··· Exercise data
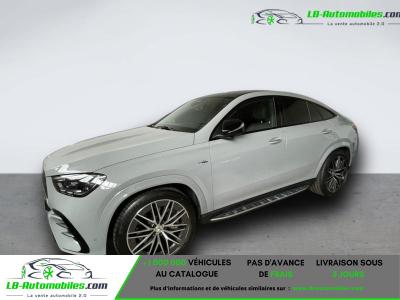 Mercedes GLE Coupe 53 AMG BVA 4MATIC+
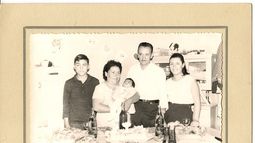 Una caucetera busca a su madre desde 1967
······
··· Exercise data
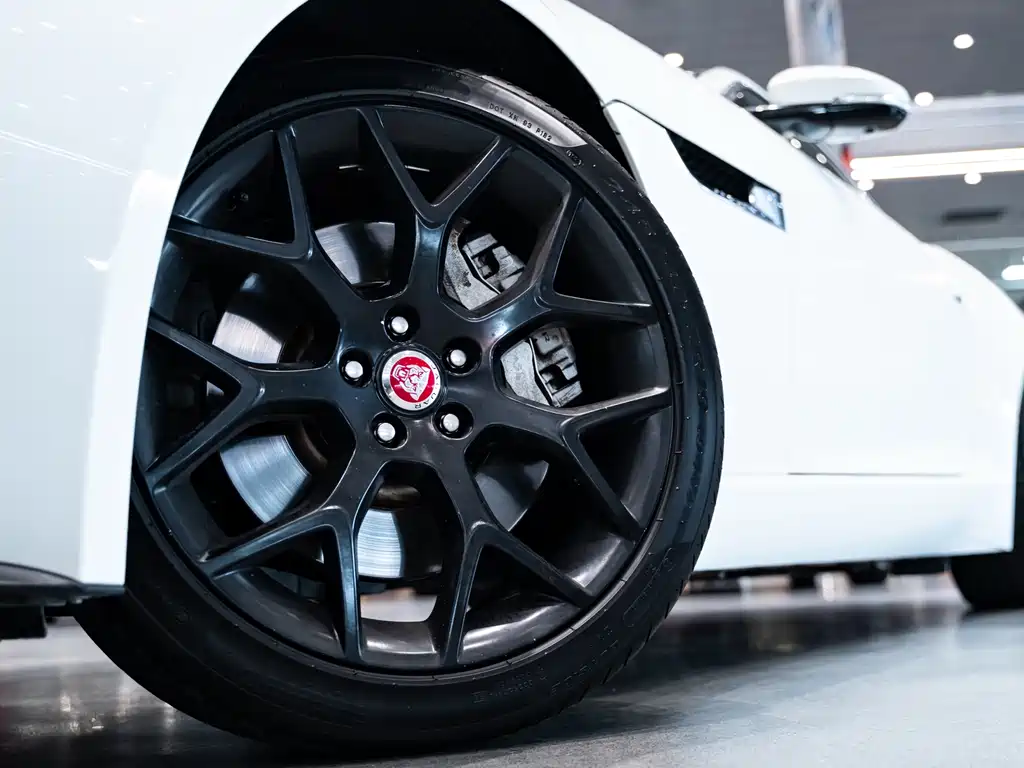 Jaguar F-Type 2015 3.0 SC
······
Problem requirements:
Print nothing except the lines above from the one containing "Mercedes GLE Coupe 53 AMG BVA 4MATIC+" down to the one containing "Una caucetera busca a su madre desde 1967", both included, exactly as written and free of pictures.

Solution to this exercise:
 Mercedes GLE Coupe 53 AMG BVA 4MATIC+
 Una caucetera busca a su madre desde 1967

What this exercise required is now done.